Hyde
Page 30
A cure. It was a clever excuse and provided us time. Yet for weeks, Jekyll did nothing, certainly nothing by way of curing us. It wasn’t until February that he finally wrote to Maw’s for more powder. He passed the days pacing, muttering, mentally thickening the membrane that divided us, and when I pressed to this permeable barrier to try to hear his thoughts he would jerk his head, as if away from a fly. On the desk he kept a collection of books, and one leather volume in particular he pored over constantly, running his raggedy fingernail along the dense print, tapping and nodding vigourously. The Descent of Man, by Charles Darwin. There was one underlined passage that Jekyll returned to again and again: The inquirer would next come to the important point whether man tends to increase at so rapid a rate as to lead to occasional severe struggles for existence; and consequently to beneficial variations, whether in body or mind, being preserved, and injurious ones eliminated. Do the races or species of men, whichever term may be applied, encroach on and replace one another, so that some finally become extinct?

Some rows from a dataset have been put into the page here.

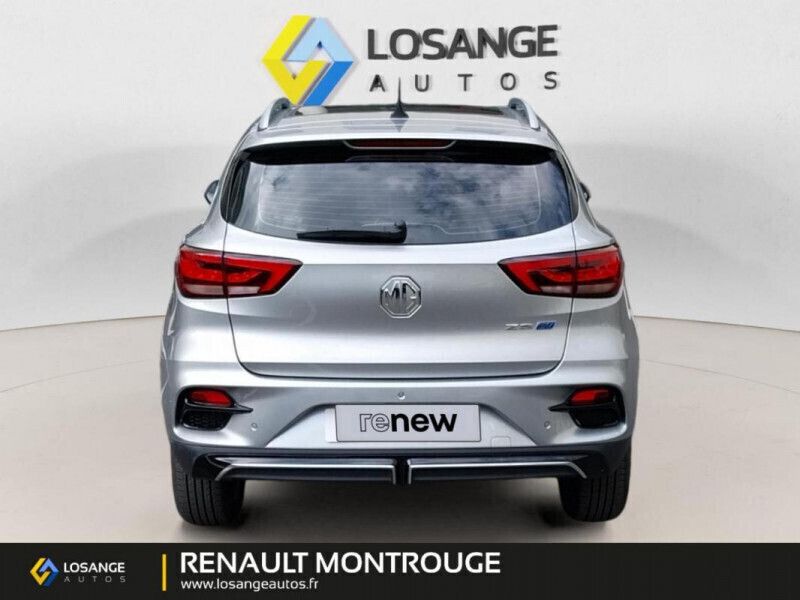Occasion MG ZS Luxury 2023 Gris Berline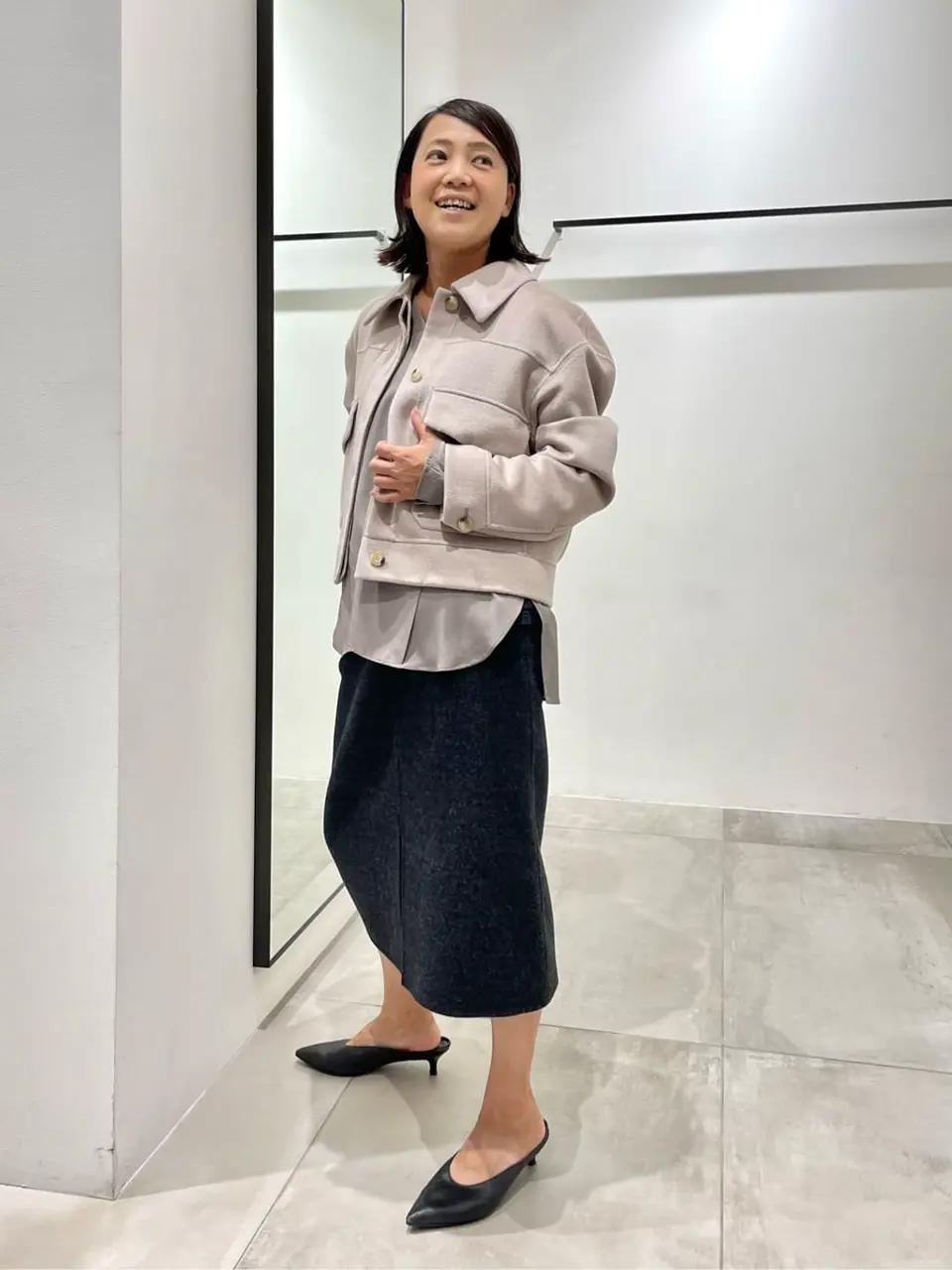 JOSEPH 米山美紀 コーディネート画像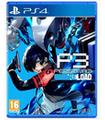 Persona 3 Reload Ps4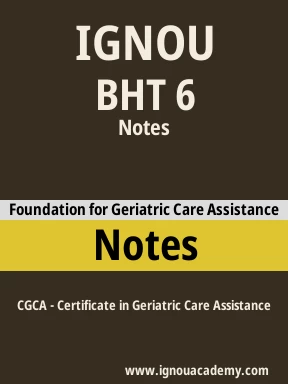 BHT 6  Solved Assignment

I wanted to understand this—variation, extinction. It was crucial. But Jekyll had sealed me off and would just read his book, using Utterson’s folded note to mark his place. Utterson had sent two notes. This bookmark was the second. His first letter arrived about a week into our confinement. Poole set it on the dinner tray, which he was by then leaving on the stairs. Utterson had been to see Lanyon. Our friend is badly changed, he wrote. He looks ruined. He is drinking again, very heavily. I know that you are involved, that you know the cause of this. Yesterday I called at your house and was told that you aren’t seeing anyone. What has happened? Harry, for God’s sake, what is happening?
The second letter came a week later, and this was the one Jekyll used for a bookmark. There was only one line, across the middle of the page: Hastie is dead.
Jekyll would unfold it often and gaze at the words. There was something mesmerising about them, a kind of perfect truth. Anytime we read them, those words, they were true, and always would be. The line of ink swam with a kind of power. Hastie is dead.
Day after day, it was the same, except worse, pitching into the body and quelling the nausea, possessing the body and not wanting it. This was the worst part: I could feel no pleasure in physical existence anymore, no animal joy in having the body. It was just this aching, foul-smelling encumbrance. The instant I had control of it, Jekyll withdrew to the outer reaches beyond the barrier, and it was lonely and cold and frightening. For it felt like existence was being imposed upon me. Like I was being ejected helplessly into the body and the world for some specially prepared punishment. Which, of course, I was.
Jekyll waited until the last brick of the powder in the stoppered bottle was almost half gone, then he wrote to Maw’s. He was reading his Darwin book, that passage again, murmuring to himself the phrase encroach on and replace. He rose and went to the glazed press and opened E drawer, lifted out the bottle of powder, and tilted its remaining contents. He made a contemplative ticking sound with his tongue as he regarded all that was left of the six foil bricks he had shipped back from Paris. He carried the bottle to his writing desk and set it on the edge of the blotter, then sat and squared a sheet of paper and at last dashed off the letter to Maw’s that he should have written months before. It came out oddly cryptic. In March of 1883, he wrote, he had ordered a large quantity of a certain salt compound, of which he now wished a new supply. Would Messrs. Maw please send him a testable sample of the salt compound to be sure it is of the same efficacy?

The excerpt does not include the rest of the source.